Benim annem ise ölmeden
tüm akrabalarını görmek istiyordu. Erdoğan Amcalar’a da gittik. Biz geleceğiz
diye kuluçkasının normal süresi de, uzatmaları da dolmuş olan tavuğu kestiler.
Kafası kopan tavuk, kafası olan tavuktan daha hızlı koşuyormuş bunu öğrendim.
Havadan konuştuysak da sudan hiç konuşmadık.
İkinci bölüm.
Dünyanın en zenginleri
Everest’e yerleşmeye kalktı. Savaşlar çıktı, cinayetler arttı, uçaklar azaldı,
uçak gemileri değerlendi ama bizim buralarda durum o kadar da korkunç değildi. Zaten sular yavaş
yavaş yükseldiğinden hemen kimse boğulmuyordu ve daha kaçacak çok yer vardı. Şiddeti
bol günlere de daha zaman vardı. Ayakta yolcuları olan bir otobüs gibiydik ama
otobüste hala yolcu alacak yer vardı; şimdilik.
Zaman akmıştı ve sular
bizim buralara gelmek üzereydi. Memleketlilerimizin çoğu kaçmıştı. Annemle ben
bize lazım olan her şeyi arabamıza koymuştuk.
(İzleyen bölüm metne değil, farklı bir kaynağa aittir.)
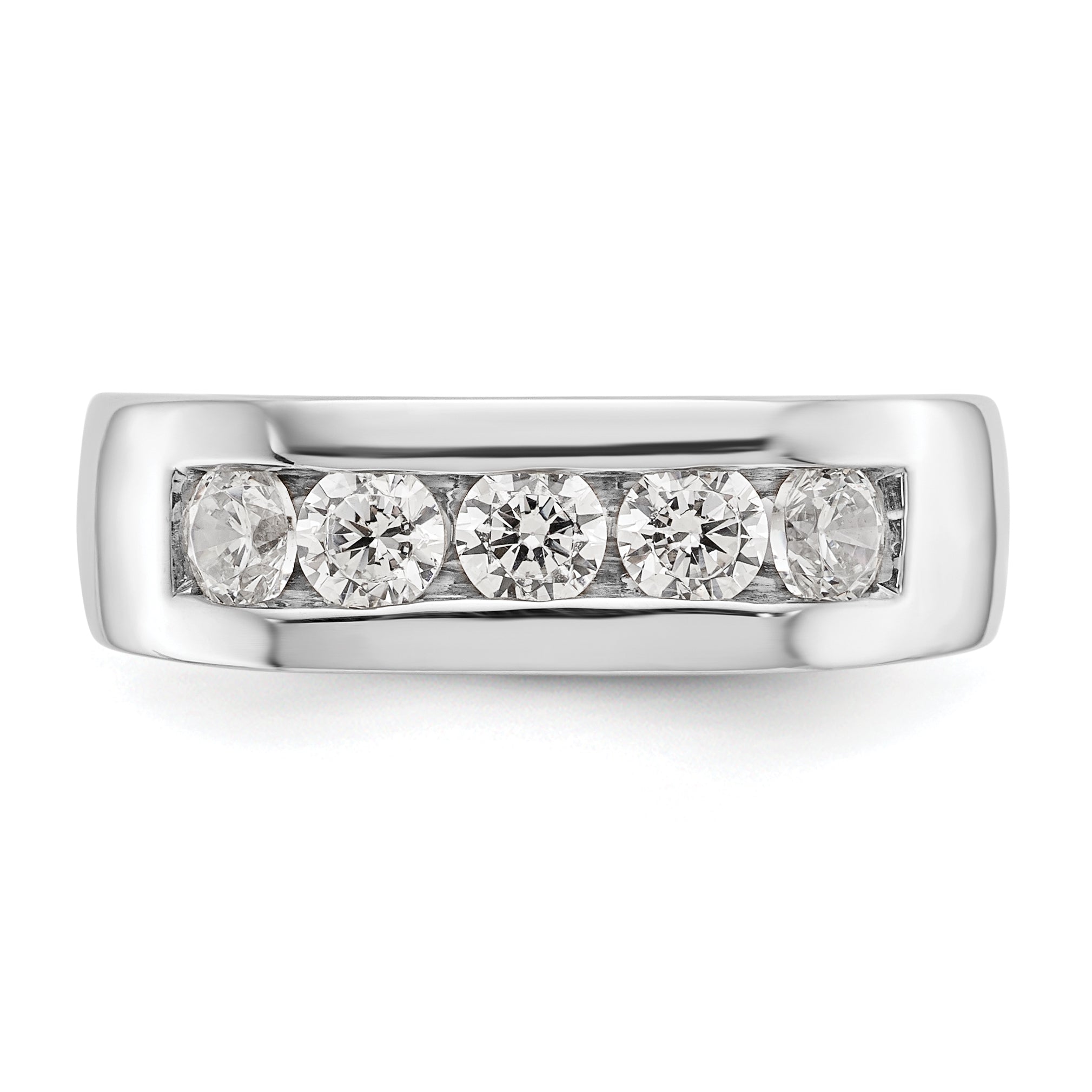 0.50ct. CZ Solid Real 14K White Gold 5-Stone Channel Wedding Band Ring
Üç ay yetecek kadar konservemiz,
oltalarımız, kamp eşyalarımız ve rahmetli babamdan yadigar Heckler & Koch
VP70 tabancam ise sadece dokuz kurşunu ile hazırdı. Arabada boş kalan her yere
de benzin koymuştuk. Arabamızın da rahmetli babamdan yadigar Reno 12 ts
olduğunu düşünürsek bir bomba ile hareket ettiğimizin bilincindeydik. Biraz
daha bekleyelim, dedim anneme. Herkes gitsin, şimdi kalabalık olur, kalabalığın
olduğu yerde de şiddet kaçınılmaz olur. Sadece arabadaki benzin için bizi
öldürecek insanlar olabilir. Yüzünü ekşitti ama bir şey demedi annem.
Sular Erdoğan Amca’nın
yeni paslanmış dikenli tellerinden içeri sızdığında kasabada onlar ve bizden
başka kimse kalmamıştı. Gece yanlarına gittik, bir tavuk daha kesti Erdoğan Amca,
kümesinde başka tavuk kalmamıştı; afiyetle yedik, bu sefer sudan konuşmamak
imkansızdı.
Kaçmayacağız, dedi Erdoğan
Amca’nın karısı; Erdoğan Amca sadece başını salladı, yeşil peruğu ve ürkütücü
göz makyajı ile radyoaktik etkisindeyken bir ördek tarafından ısırılmış bir
süper kahramana benzeyen kızları ise buralı olmadı hiç. Annem kızdı, bağırdı
ama hiç sallamadılar. Siz gelmiyorsanız biz de burada kalıyoruz, dedi annem
düşüncesizce. Kalın, dedi Erdoğan Amca’nın karısı dondurucu bir sakinlikle.
Hemen hemen bir hafta
da kaldık Erdoğan Amcalarda. Çok misafirperver insanlar. Her şeylerini bizimle
paylaştılar, bizse bir konservemizi bile paylaşmadık. Bir sabah kahvaltı
yaptığımız ağaca asılı üç tane idam ipi gördüm. Düşündüğün gibi değil, dedi
Erdoğan Amca. Sular yükselince boğulmak için boynumuza takacağız.
Diğer sabah sular arabanın
tekerlerine değdi ve biz de helalleşip yola çıktık. Arkamızdan su dökmediler.